Si le Monténégro fait figure de bon élève, les autres pays des Balkans accusent un retard important. La Serbie, par exemple, est engagée dans des négociations depuis 2014, mais les discussions piétinent en raison des tensions avec le Kosovo et des critiques répétées de l’UE sur l’état de droit. La Bosnie-Herzégovine, quant à elle, peine à former un gouvernement stable, ce qui bloque de facto tout progrès dans son processus d’adhésion. « Sans réformes profondes, l’élargissement restera un vœu pieux », a prévenu un observateur cité par Euronews FR.

Côté européen, la question divise. Certains États, comme la France ou les Pays-Bas, plaident pour une approche plus stricte, tandis que d’autres, notamment les pays d’Europe de l’Est, poussent à une accélération. La Commission européenne a rappelé, dans son dernier rapport annuel, que « l’adhésion des Balkans occidentaux est une nécessité stratégique, mais elle ne pourra se faire que dans le respect des critères d’adhésion ».

L’émission Europe Today décrypte l’actualité européenne en direct

En marge du sommet, l’émission Europe Today, présentée par Méabh Mc Mahon et animée par Maria Tadeo, proposera un décryptage en direct des enjeux de la journée. Diffusée chaque jour de la semaine à 8h (heure de Bruxelles), elle est accessible à la télévision, sur le site d’Euronews ainsi que sur ses plateformes numériques. En seulement vingt minutes, l’émission aborde les principaux événements européens et propose une analyse des décisions qui façonnent l’UE et ses relations internationales.

Parmi les sujets complémentaires abordés dans ce numéro figurent : un entretien avec Ghassan Salamé, ministre de la Culture du Liban, un retour sur le voyage surprise de Mark Rutte, Premier ministre néerlandais, à Kyiv, et une analyse de la perte par l’Allemagne de son siège au Conseil de sécurité de l’ONU. Ces thèmes reflètent l’actualité géopolitique mouvementée qui entoure ce sommet sur l’élargissement.

Et maintenant ?

Les discussions de ce sommet devraient aboutir à une feuille de route actualisée pour les prochains mois, avec des échéances précises pour chaque pays candidat.
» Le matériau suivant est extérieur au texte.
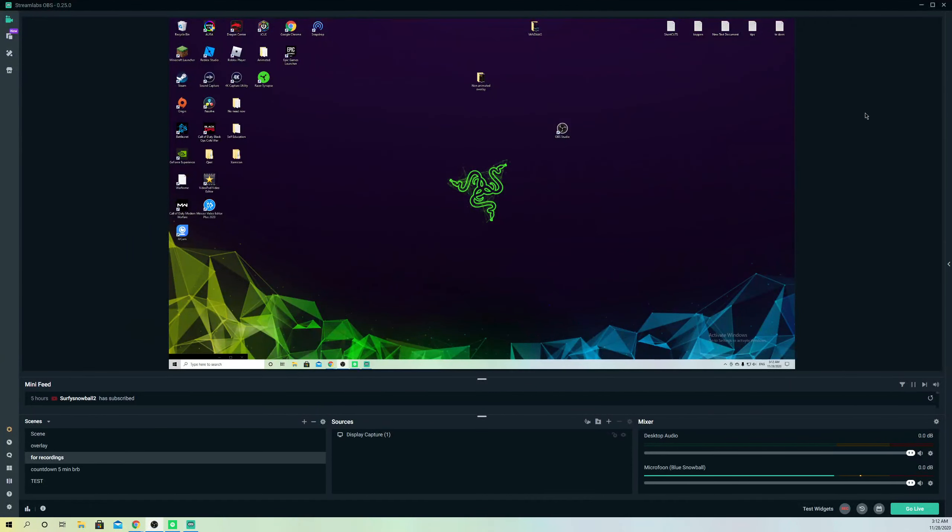Hello guys, today I'm going to show you how you can unlink your Facebook account from Streamlabs OBS really simply.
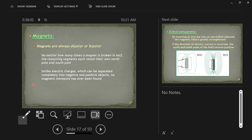No matter how many times a magnet is broken in half, the remaining segments each retain a north and a south pole — unlike electric charge, which can be separated into negative and positive. You can put electrons all together with negative charge and protons together with positive charge. You can separate negative and positive electric charges, but you can never separate a north and a south pole.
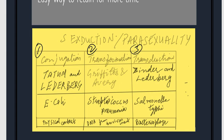Regarding who discovered them: Tatum and Lederberg discovered conjugation, the transformation experiment was given by Griffiths and Avery, and transduction is by Zinder and Lederberg.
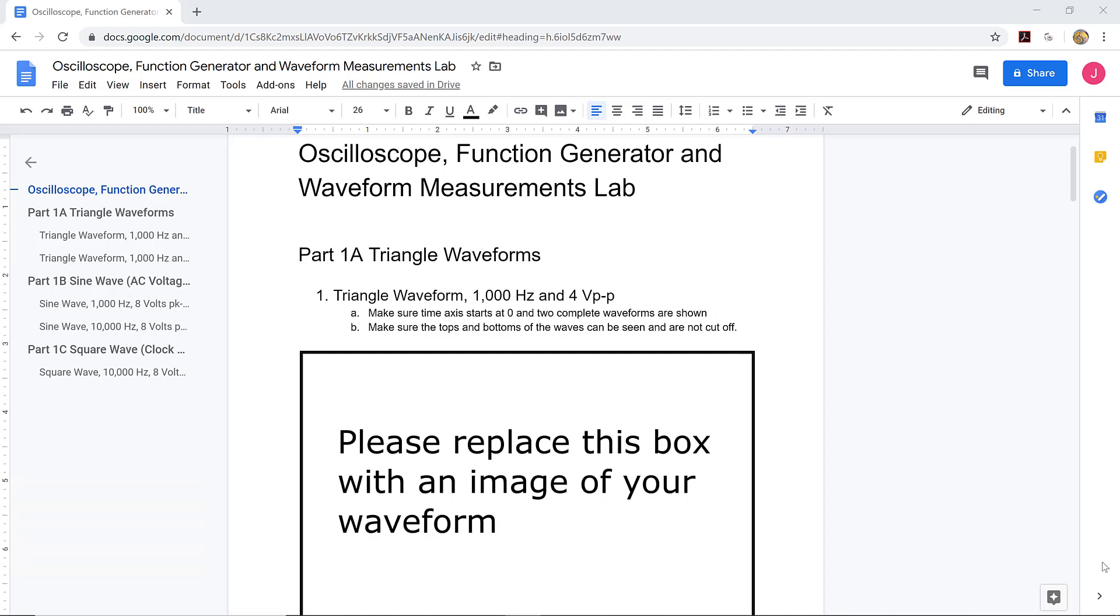To complete the oscilloscope function generator and waveform measurement lab, you need to create a report that shows several of the graphs that you have created. I've made a template that you can use to create this report.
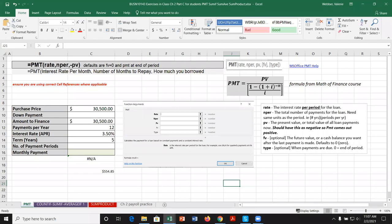This is a video lesson for the last of our topics in Chapter 2: Payment, COUNTIF, SUMIF, AVERAGEIF, SUMPRODUCT, and then a little bit of help for the Chapter 2 mid-level assignment.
Une décision sur l’ouverture de nouveaux chapitres de négociation pourrait être annoncée d’ici la fin de l’année, notamment pour le Monténégro. Reste à voir si les avancées promises se concrétiseront, ou si les divisions persistantes entre États membres et candidats ne ralentiront à nouveau le processus. Pour l’heure, Bruxelles insiste sur la nécessité d’une « approche différenciée », où chaque pays progressera à son rythme, en fonction de ses réformes.

Ce sommet intervient alors que l’UE cherche à renforcer sa présence dans les Balkans, une région où l’influence de la Russie et de la Chine s’étend. « L’élargissement n’est pas seulement une question de géopolitique, mais aussi de stabilité pour l’Europe entière », a rappelé un diplomate européen. Les prochaines semaines seront donc déterminantes pour savoir si les promesses d’adhésion pourront enfin se transformer en réalité.

Les critères d’adhésion, définis par les traités européens, incluent la stabilité politique, le respect de l’État de droit, la mise en place d’institutions démocratiques, ainsi que des réformes économiques et judiciaires. Pour les Balkans, la reconnaissance mutuelle entre États (notamment concernant le Kosovo) et la lutte contre la corruption figurent parmi les points les plus sensibles.